Under Sharia and Islamic Shiite laws, the punishment for writing is being convicted of “waging war against God,” punishable by hanging. It is crucial to point out that this 32-year-old man is not the first poet to be hanged for using his pen. According to Taheri, an Iranian journalist who reported in Asharq al-Awsat, “Shaabani is not the first Iranian poet to be murdered by the mullahs. The left-wing poet Sa’id Sultanpur was abducted on the day of his wedding on Khomeini’s orders and shot dead in a Tehran prison. Rahman Hatefi, writing under the pen-name of Heydar Mehregan, had his veins cut and was left to bleed to death in the Evin prison.”

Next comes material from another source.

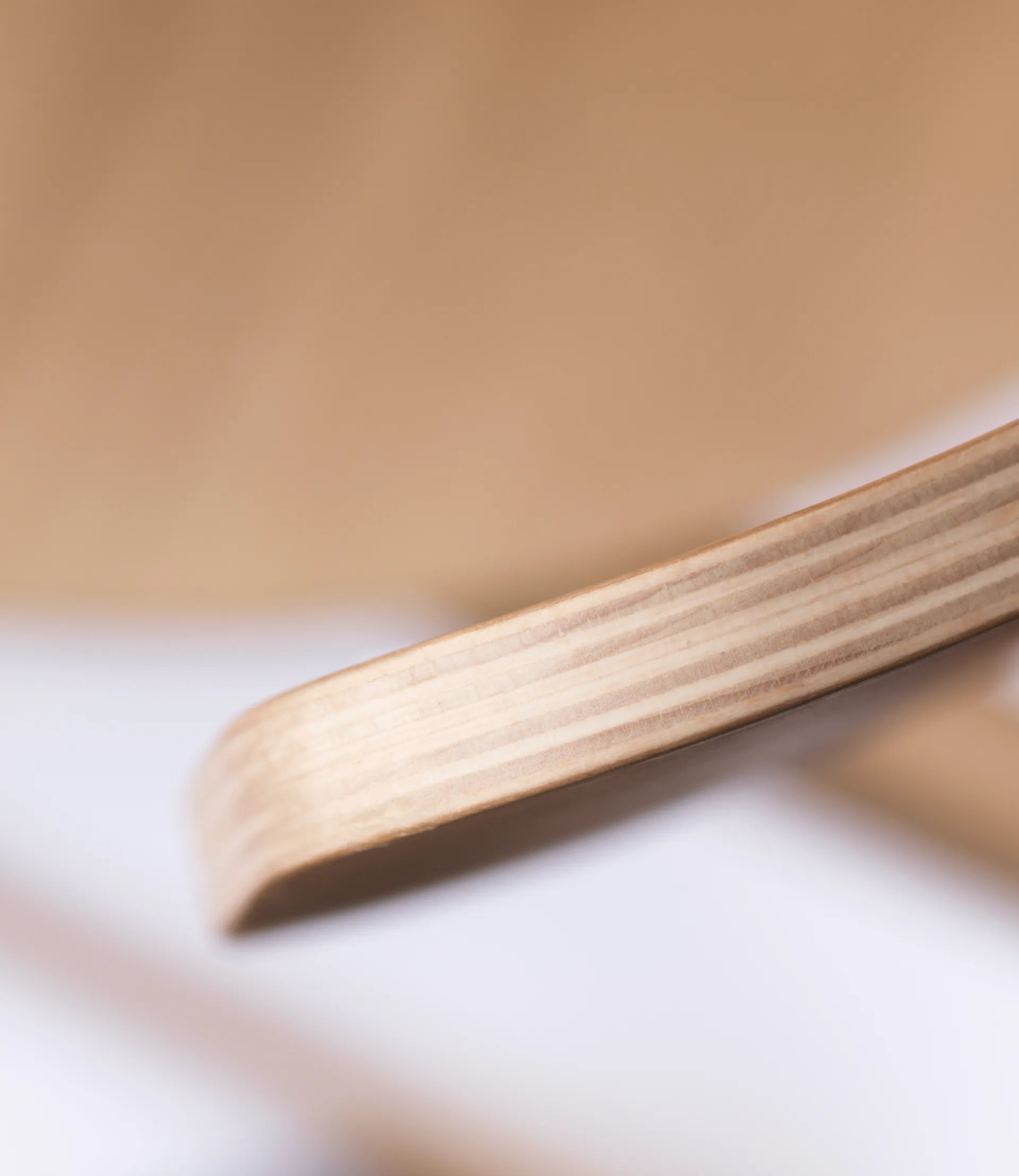 J184 Øst baarituoli 75 cm, Oak nature lacquered FDB Møbler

In addition, hangings based on perceived religious deviation have ratcheted up under the presidency of this “moderate” Iranian president, Hassan Rouhani. In fact, numbers show that human rights abuses are not only the same on the entire Iranian political spectrum, from “reformists, hardliner, or moderate Iranian presidents,” but in fact the atrocities have surged under reformist or moderate presidents such as Khatami, Rouhani, Rafsanjani, etc.
When the law of the land is based on Sharia and Shiite Islamic law of the ruling cleric like in the Islamic Republic of Iran, the crime for writing a poem becomes punishable by hanging and execution. While the international community is focusing on getting nuclear deals with Iran, it seems that any hope for condemnation for such actions has fallen to the wayside.
Addendum:
The Iranian journalist Amir Taheri, who has written of Shabaani’s poetry (which is mostly non-political) quoted Shabaani’s verse a few days after the poet’s killing by Iran’s presidential and judicial order.
“Seven Reasons Why I Should Die
By Hashem Shaabani
For seven days they shouted at me:
You are waging war on Allah!
Saturday, because you are an Arab!
Sunday, well, you are from Ahvaz
Monday, remember you are Iranian
Tuesday: You mock the sacred Revolution
Wednesday, didn’t you raise your voice for others?
Thursday, you are a poet and a bard
Friday: You’re a man, isn’t that enough to die?”